Exercise
All of the records must be restated exactly, with every line complete.

Data for this task

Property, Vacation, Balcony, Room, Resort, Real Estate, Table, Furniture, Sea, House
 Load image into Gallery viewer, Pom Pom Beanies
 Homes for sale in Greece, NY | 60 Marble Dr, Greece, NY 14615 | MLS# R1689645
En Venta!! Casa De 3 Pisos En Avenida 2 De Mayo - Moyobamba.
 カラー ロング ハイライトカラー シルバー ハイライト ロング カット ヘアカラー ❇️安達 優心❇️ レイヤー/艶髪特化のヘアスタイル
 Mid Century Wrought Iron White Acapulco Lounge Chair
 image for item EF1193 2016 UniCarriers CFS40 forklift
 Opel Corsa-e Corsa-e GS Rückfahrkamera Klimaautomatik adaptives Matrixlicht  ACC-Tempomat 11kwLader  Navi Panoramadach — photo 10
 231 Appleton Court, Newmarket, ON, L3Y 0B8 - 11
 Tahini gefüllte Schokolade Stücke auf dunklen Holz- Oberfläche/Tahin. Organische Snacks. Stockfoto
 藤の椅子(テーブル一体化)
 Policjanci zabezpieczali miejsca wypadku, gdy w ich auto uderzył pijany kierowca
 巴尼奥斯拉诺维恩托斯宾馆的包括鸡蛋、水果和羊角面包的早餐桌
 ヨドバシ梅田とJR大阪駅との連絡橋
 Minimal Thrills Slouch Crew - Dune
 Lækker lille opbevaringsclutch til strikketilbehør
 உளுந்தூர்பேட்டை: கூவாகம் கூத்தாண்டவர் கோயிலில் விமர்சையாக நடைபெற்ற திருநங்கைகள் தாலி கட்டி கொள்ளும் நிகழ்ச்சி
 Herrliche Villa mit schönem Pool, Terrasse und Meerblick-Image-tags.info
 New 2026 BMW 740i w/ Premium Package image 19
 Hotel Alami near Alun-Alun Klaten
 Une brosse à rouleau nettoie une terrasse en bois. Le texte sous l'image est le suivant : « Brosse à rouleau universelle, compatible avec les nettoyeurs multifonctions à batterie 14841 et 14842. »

Result of the exercise
Property, Vacation, Balcony, Room, Resort, Real Estate, Table, Furniture, Sea, House
 Load image into Gallery viewer, Pom Pom Beanies
 Homes for sale in Greece, NY | 60 Marble Dr, Greece, NY 14615 | MLS# R1689645
En Venta!! Casa De 3 Pisos En Avenida 2 De Mayo - Moyobamba.
 カラー ロング ハイライトカラー シルバー ハイライト ロング カット ヘアカラー ❇️安達 優心❇️ レイヤー/艶髪特化のヘアスタイル
 Mid Century Wrought Iron White Acapulco Lounge Chair
 image for item EF1193 2016 UniCarriers CFS40 forklift
 Opel Corsa-e Corsa-e GS Rückfahrkamera Klimaautomatik adaptives Matrixlicht  ACC-Tempomat 11kwLader  Navi Panoramadach — photo 10
 231 Appleton Court, Newmarket, ON, L3Y 0B8 - 11
 Tahini gefüllte Schokolade Stücke auf dunklen Holz- Oberfläche/Tahin. Organische Snacks. Stockfoto
 藤の椅子(テーブル一体化)
 Policjanci zabezpieczali miejsca wypadku, gdy w ich auto uderzył pijany kierowca
 巴尼奥斯拉诺维恩托斯宾馆的包括鸡蛋、水果和羊角面包的早餐桌
 ヨドバシ梅田とJR大阪駅との連絡橋
 Minimal Thrills Slouch Crew - Dune
 Lækker lille opbevaringsclutch til strikketilbehør
 உளுந்தூர்பேட்டை: கூவாகம் கூத்தாண்டவர் கோயிலில் விமர்சையாக நடைபெற்ற திருநங்கைகள் தாலி கட்டி கொள்ளும் நிகழ்ச்சி
 Herrliche Villa mit schönem Pool, Terrasse und Meerblick-Image-tags.info
 New 2026 BMW 740i w/ Premium Package image 19
 Hotel Alami near Alun-Alun Klaten
 Une brosse à rouleau nettoie une terrasse en bois. Le texte sous l'image est le suivant : « Brosse à rouleau universelle, compatible avec les nettoyeurs multifonctions à batterie 14841 et 14842. »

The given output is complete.